İnsan-köpek dostluğu üzerine çok duygusal ama biraz üzücü bir film.
Gerçek bir hikayeden uyarlanan ve yoğun bir duygusallık içeren “Hachi: Bir Köpeğin Hikayesi” tüm dünyada büyük ilgi görmüş bir film.
Aslında gerçek hikaye Japonya’da 1920’li yıllarda yaşanmış. Hachiko, Tokyo Üniversitesi’ndeki bir profesörün evlat edindiği akita cinsi safkan bir köpek. Asıl adı Hachi yani Japonca’da “Sekiz” demek. Filmde bir sahnede belki de sekizinci doğan yavru olduğu için bu adı aldığı söyleniyor. Sekiz numarasının Japonya’da ilahı bir anlamı da varmış, cennetten dünyaya iyilik için inmiş olabileceğinden de bahsediliyor. İsminin sonuna eklenen ”ko” ise bizdeki -ciğim, -cığım anlamına geliyor.

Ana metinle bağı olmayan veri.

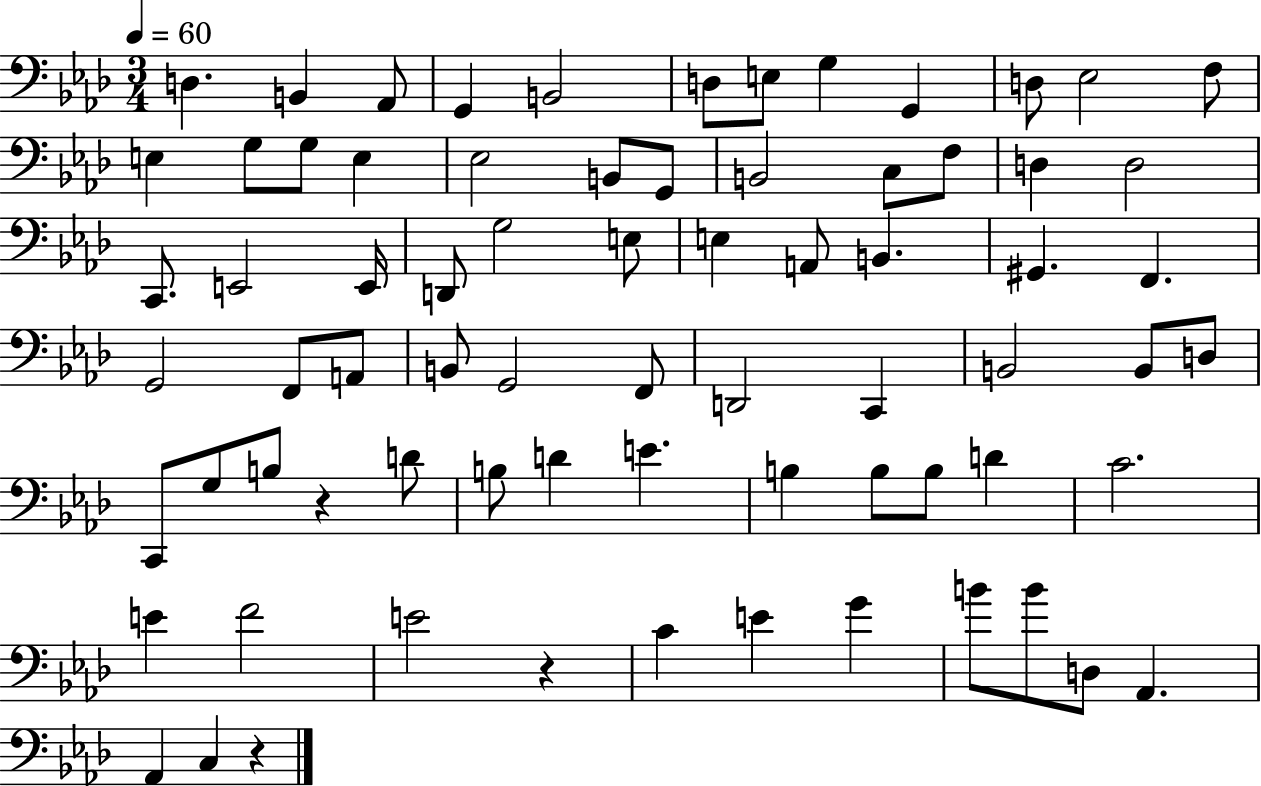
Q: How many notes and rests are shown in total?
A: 73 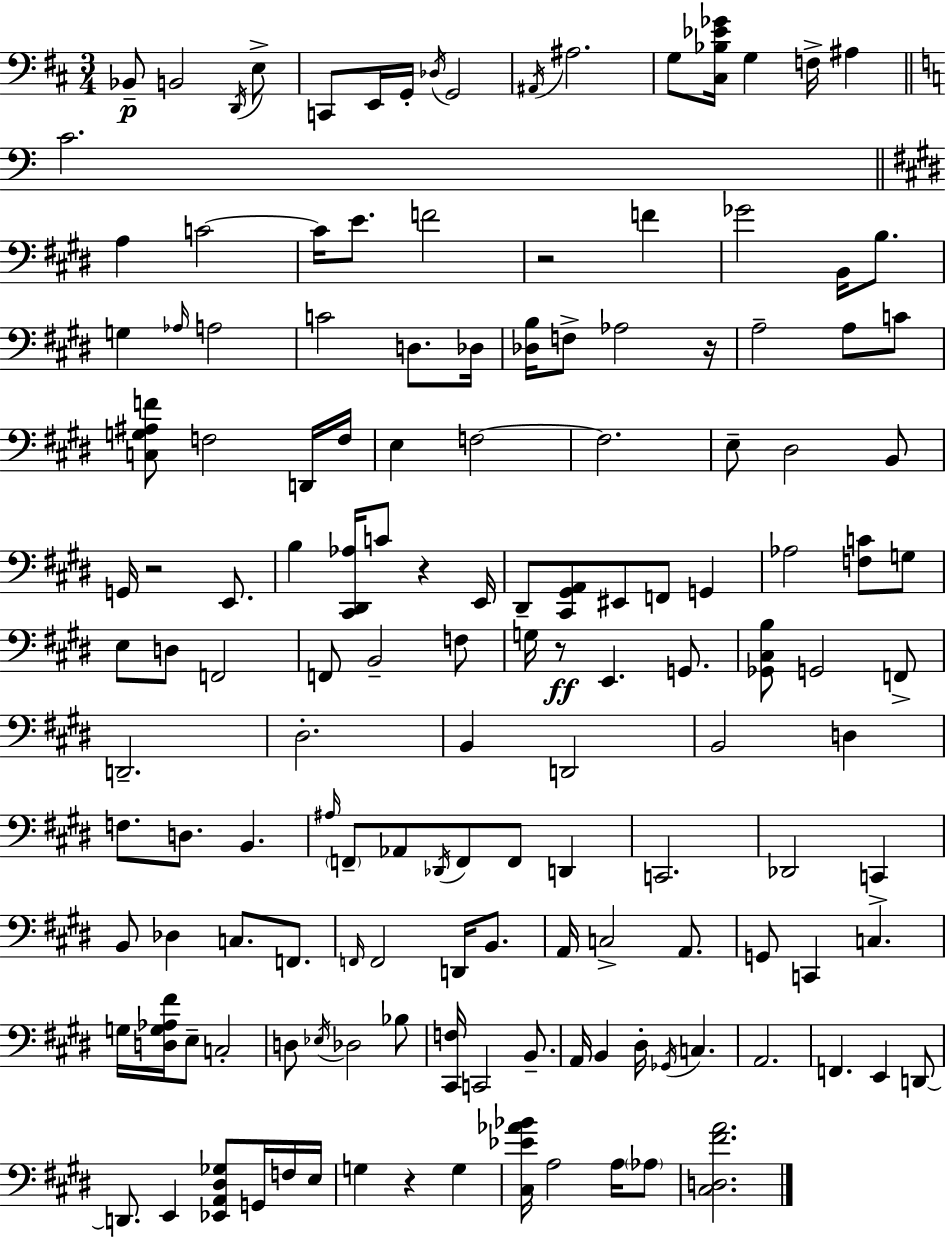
X:1
T:Untitled
M:3/4
L:1/4
K:D
_B,,/2 B,,2 D,,/4 E,/2 C,,/2 E,,/4 G,,/4 _D,/4 G,,2 ^A,,/4 ^A,2 G,/2 [^C,_B,_E_G]/4 G, F,/4 ^A, C2 A, C2 C/4 E/2 F2 z2 F _G2 B,,/4 B,/2 G, _A,/4 A,2 C2 D,/2 _D,/4 [_D,B,]/4 F,/2 _A,2 z/4 A,2 A,/2 C/2 [C,G,^A,F]/2 F,2 D,,/4 F,/4 E, F,2 F,2 E,/2 ^D,2 B,,/2 G,,/4 z2 E,,/2 B, [^C,,^D,,_A,]/4 C/2 z E,,/4 ^D,,/2 [^C,,^G,,A,,]/2 ^E,,/2 F,,/2 G,, _A,2 [F,C]/2 G,/2 E,/2 D,/2 F,,2 F,,/2 B,,2 F,/2 G,/4 z/2 E,, G,,/2 [_G,,^C,B,]/2 G,,2 F,,/2 D,,2 ^D,2 B,, D,,2 B,,2 D, F,/2 D,/2 B,, ^A,/4 F,,/2 _A,,/2 _D,,/4 F,,/2 F,,/2 D,, C,,2 _D,,2 C,, B,,/2 _D, C,/2 F,,/2 F,,/4 F,,2 D,,/4 B,,/2 A,,/4 C,2 A,,/2 G,,/2 C,, C, G,/4 [D,G,_A,^F]/4 E,/2 C,2 D,/2 _E,/4 _D,2 _B,/2 [^C,,F,]/4 C,,2 B,,/2 A,,/4 B,, ^D,/4 _G,,/4 C, A,,2 F,, E,, D,,/2 D,,/2 E,, [_E,,A,,^D,_G,]/2 G,,/4 F,/4 E,/4 G, z G, [^C,_E_A_B]/4 A,2 A,/4 _A,/2 [^C,D,^FA]2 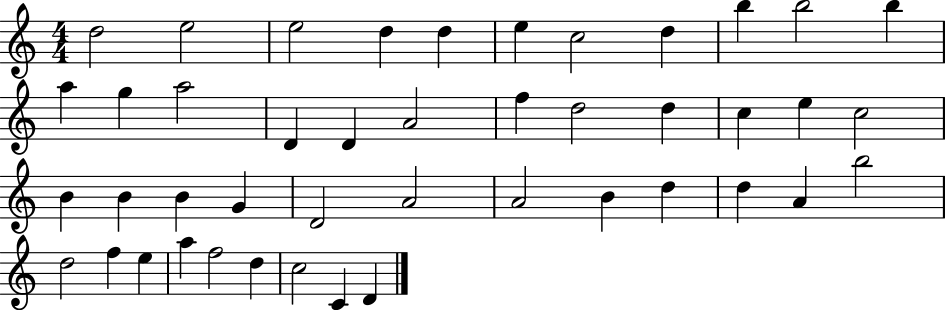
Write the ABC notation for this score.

X:1
T:Untitled
M:4/4
L:1/4
K:C
d2 e2 e2 d d e c2 d b b2 b a g a2 D D A2 f d2 d c e c2 B B B G D2 A2 A2 B d d A b2 d2 f e a f2 d c2 C D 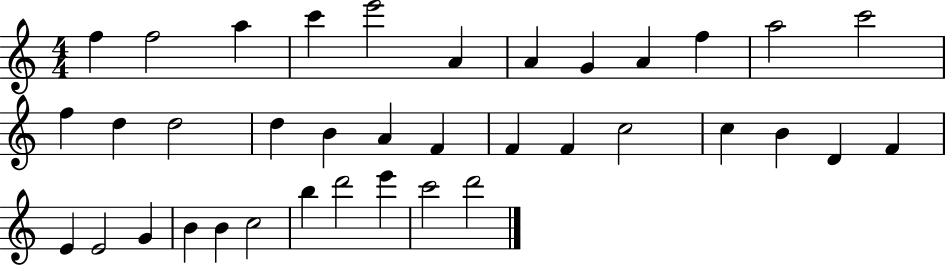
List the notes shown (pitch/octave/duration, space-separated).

F5/q F5/h A5/q C6/q E6/h A4/q A4/q G4/q A4/q F5/q A5/h C6/h F5/q D5/q D5/h D5/q B4/q A4/q F4/q F4/q F4/q C5/h C5/q B4/q D4/q F4/q E4/q E4/h G4/q B4/q B4/q C5/h B5/q D6/h E6/q C6/h D6/h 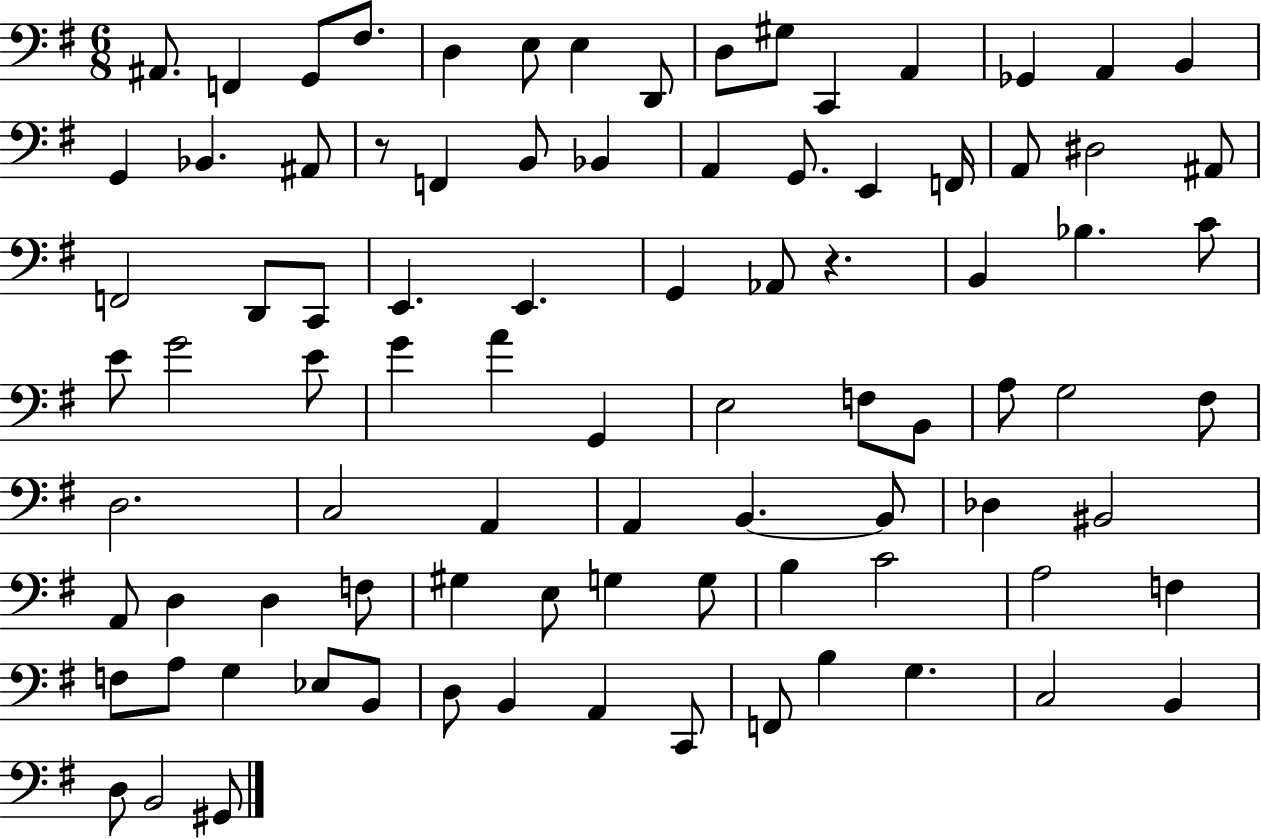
X:1
T:Untitled
M:6/8
L:1/4
K:G
^A,,/2 F,, G,,/2 ^F,/2 D, E,/2 E, D,,/2 D,/2 ^G,/2 C,, A,, _G,, A,, B,, G,, _B,, ^A,,/2 z/2 F,, B,,/2 _B,, A,, G,,/2 E,, F,,/4 A,,/2 ^D,2 ^A,,/2 F,,2 D,,/2 C,,/2 E,, E,, G,, _A,,/2 z B,, _B, C/2 E/2 G2 E/2 G A G,, E,2 F,/2 B,,/2 A,/2 G,2 ^F,/2 D,2 C,2 A,, A,, B,, B,,/2 _D, ^B,,2 A,,/2 D, D, F,/2 ^G, E,/2 G, G,/2 B, C2 A,2 F, F,/2 A,/2 G, _E,/2 B,,/2 D,/2 B,, A,, C,,/2 F,,/2 B, G, C,2 B,, D,/2 B,,2 ^G,,/2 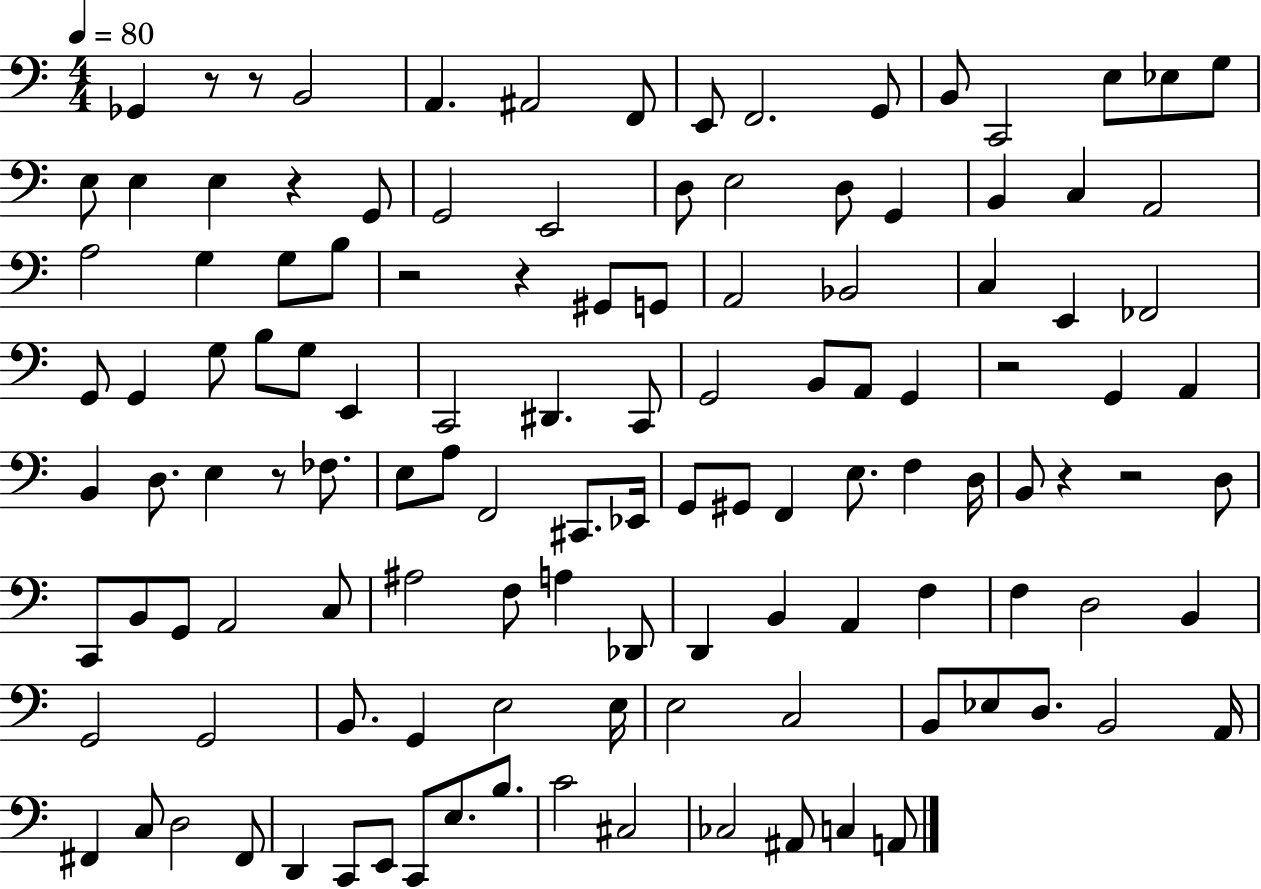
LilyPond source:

{
  \clef bass
  \numericTimeSignature
  \time 4/4
  \key c \major
  \tempo 4 = 80
  \repeat volta 2 { ges,4 r8 r8 b,2 | a,4. ais,2 f,8 | e,8 f,2. g,8 | b,8 c,2 e8 ees8 g8 | \break e8 e4 e4 r4 g,8 | g,2 e,2 | d8 e2 d8 g,4 | b,4 c4 a,2 | \break a2 g4 g8 b8 | r2 r4 gis,8 g,8 | a,2 bes,2 | c4 e,4 fes,2 | \break g,8 g,4 g8 b8 g8 e,4 | c,2 dis,4. c,8 | g,2 b,8 a,8 g,4 | r2 g,4 a,4 | \break b,4 d8. e4 r8 fes8. | e8 a8 f,2 cis,8. ees,16 | g,8 gis,8 f,4 e8. f4 d16 | b,8 r4 r2 d8 | \break c,8 b,8 g,8 a,2 c8 | ais2 f8 a4 des,8 | d,4 b,4 a,4 f4 | f4 d2 b,4 | \break g,2 g,2 | b,8. g,4 e2 e16 | e2 c2 | b,8 ees8 d8. b,2 a,16 | \break fis,4 c8 d2 fis,8 | d,4 c,8 e,8 c,8 e8. b8. | c'2 cis2 | ces2 ais,8 c4 a,8 | \break } \bar "|."
}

2009 yapımı bu Amerikan versiyonunda da bir müzik profesörü olan Parker (Richard Gere) ile Hachi’nin hikayesi anlatılıyor. Hachiko her sabah işe giderken evden tren istasyonuna yürüyen sahibine eşlik etmektedir. Sahibini uğurladıktan sonra da aynı şekilde eve geri döner. Profesör her gün dönüşte istasyonda Hachiko’nun kendisini karşıladığına şahit olmaktadır. Bu sevimli ve zeki köpek sahibinin ne zaman döneceğini biliyor ve onu karşılamaya geliyordur her gün. Hachiko bütün bir yıl boyunca her sabah sahibiyle istasyona gidip, her akşam da aynı yerde onu karşılar. Ancak bir akşam profesör trenden inmez. Hachiko, o günden itibaren her gün aynı yerde sahibini beklemeye devam eder.